The Fabelmans et son précédent film West Side Story (2021) ont été deux flops retentissants aux États-Unis. Son unique comédie musicale, est digne de l’original de 1961, car plus proche du spectacle de Broadway et tournée, pour une grande part, en décors naturels alors que l’original l’était, pour une part importante, en studio. C’est un nouveau film ambitieux et non une pâle copie. Lors de la remise de ses prix à la cérémonie des Golden Globes en janvier 2023 (Meilleur film dramatique et meilleure réalisation), Steven Spielberg ému a déclaré que The Fabelmans était son œuvre la plus autobiographique, bien que dans tous ses films on retrouve les thèmes de la famille dysfonctionnelle, l’absence du père, des enfants solitaires livrés a eu même, etc. The Fabelmans est l’histoire en partie fictionnée, co-écrite avec son scénariste Tony Kushner (Munich – 2003, Lincoln – 2012, West Side Story -2021) retraçant à grands traits, celle de la famille Spielberg. Elle se déroule en trois parties : enfance de Sammy, son adolescence, le début de sa vie d’adulte jusqu’à son arrivée au Walhalla : Hollywood dans les studios de télévision Universal. A noter que ce courant de l’autobiographie inspire des cinéastes américains aussi différents que Quentin Tarantino (2021, Once Upon a Time … in Hollywood), Paul Thomas Anderson (2021, Licorice Pizza), James Gray (2022, Armageddon Time).

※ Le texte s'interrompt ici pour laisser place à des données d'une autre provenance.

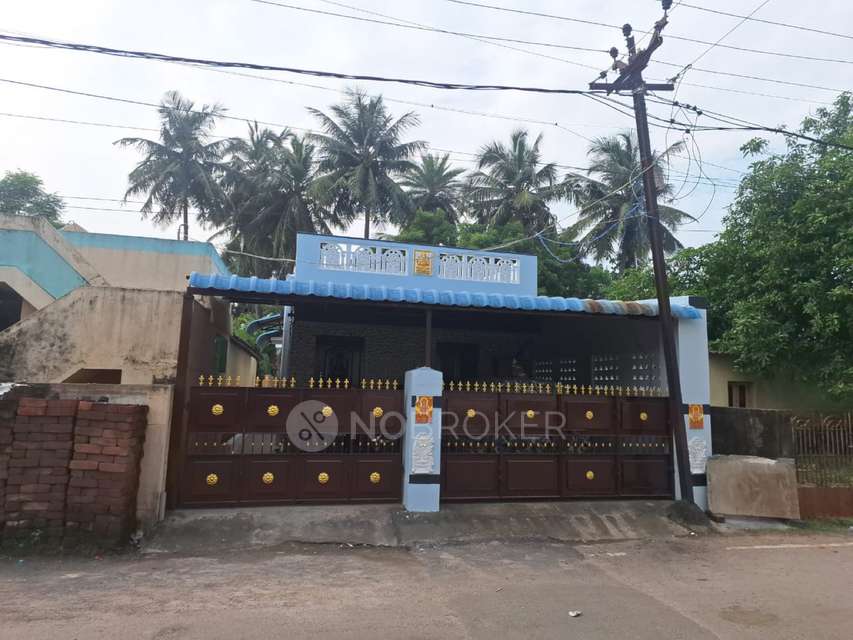 1 BHK House for Rent  In Sholavaram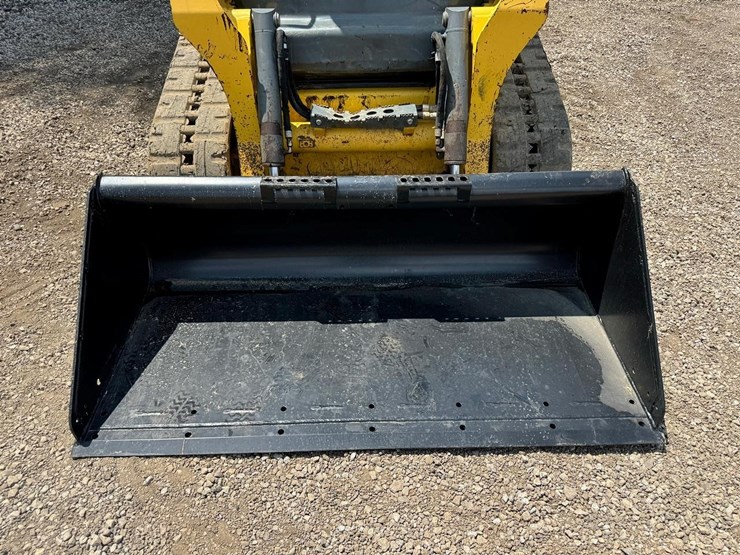 wacker-neuson-st31-image-10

Avec le concours de son habituel directeur de la photo depuis La Liste de Schindler (1993), Janusz Kaminski, un américano-polonais, la narration visuelle (cadre, lumière) est impressionnante. Par sa magie fluide, nous devinons la triple identité de Sammy : juive, américaine, hollywoodienne. L’impressionnante filmographie de Steven Spielberg, son originalité, sont peut-être une tentative, sans cesse renouvelée, de réconcilier les trois. Le réalisateur n’a-t-il pas déclaré à propos de son dernier opus : « Le cinéma révèle plus de vérité que la réalité elle-même ».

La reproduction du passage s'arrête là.